Redação Portal IMPRENSA | 17/01/2018 14:00

A violência contra jornalistas diminuiu em 2017 se comparado a 2016, segundo o relatório anual da Federação Nacional dos Jornalistas (Fenaj), que será apresentado nesta quinta-feira (18), na sede do Sindicato dos Jornalistas do Município do Rio de Janeiro.


Crédito: Divulgação


Em seu site oficial, a Fenaj antecipou que foram registrados 99 casos de agressões contra a categoria no ano passado, 38,51% a menos do que em 2016, quando houve 161 casos. Também destacou que não ocorreu nenhum caso em 2017 de assassinato em decorrência do exercício profissional do jornalismo e houve apenas uma morte, do blogueiro Luís Gustavo da Silva foi assassinado no Ceará, que a entidade contabilizou no grupo de outros profissionais da comunicação e comunicadores populares.
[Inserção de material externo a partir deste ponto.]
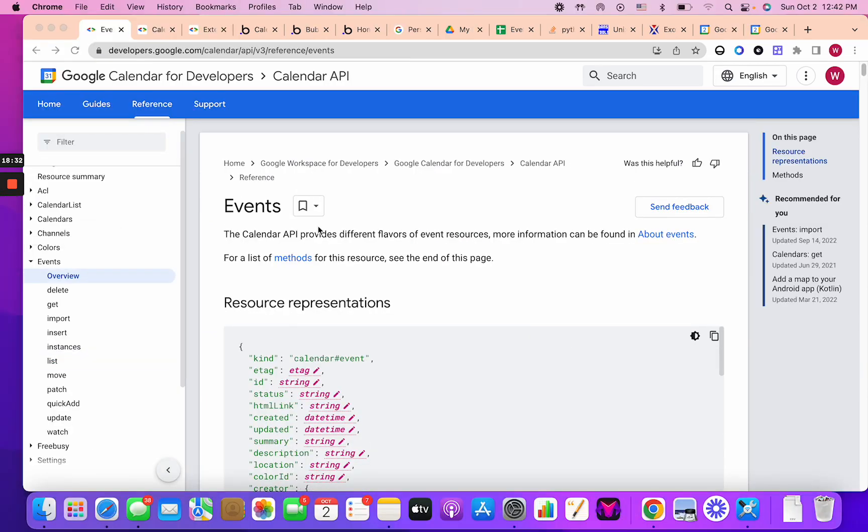So that was an overview of all the resources that we went through. In the next video, I will go over kind of how that looks API call by API call. And then first, how it looks here in the documentation and then how it looks in bubble itself as in, in the API connector. Thanks for watching.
Mas a pressão profissional não cessou, já que quatro jornalistas foram demitidos em razão de comentários que teceram ou de reportagens que produziram e que geraram reações negativas. Um outro levou suspensão por 30 dias, depois de fazer comentários em seu perfil numa rede social sobre a direção da Fundação Piratini, em Porto Alegre.


Outra preocupação foi quanto ao aumento proporcional dos casos de cerceamento à liberdade de imprensa por ações judiciais, quando foram registrados 12 casos nessa modalidade, o que representa 12,12% do total. Em 2016, esse porcentual foi de 11,18%.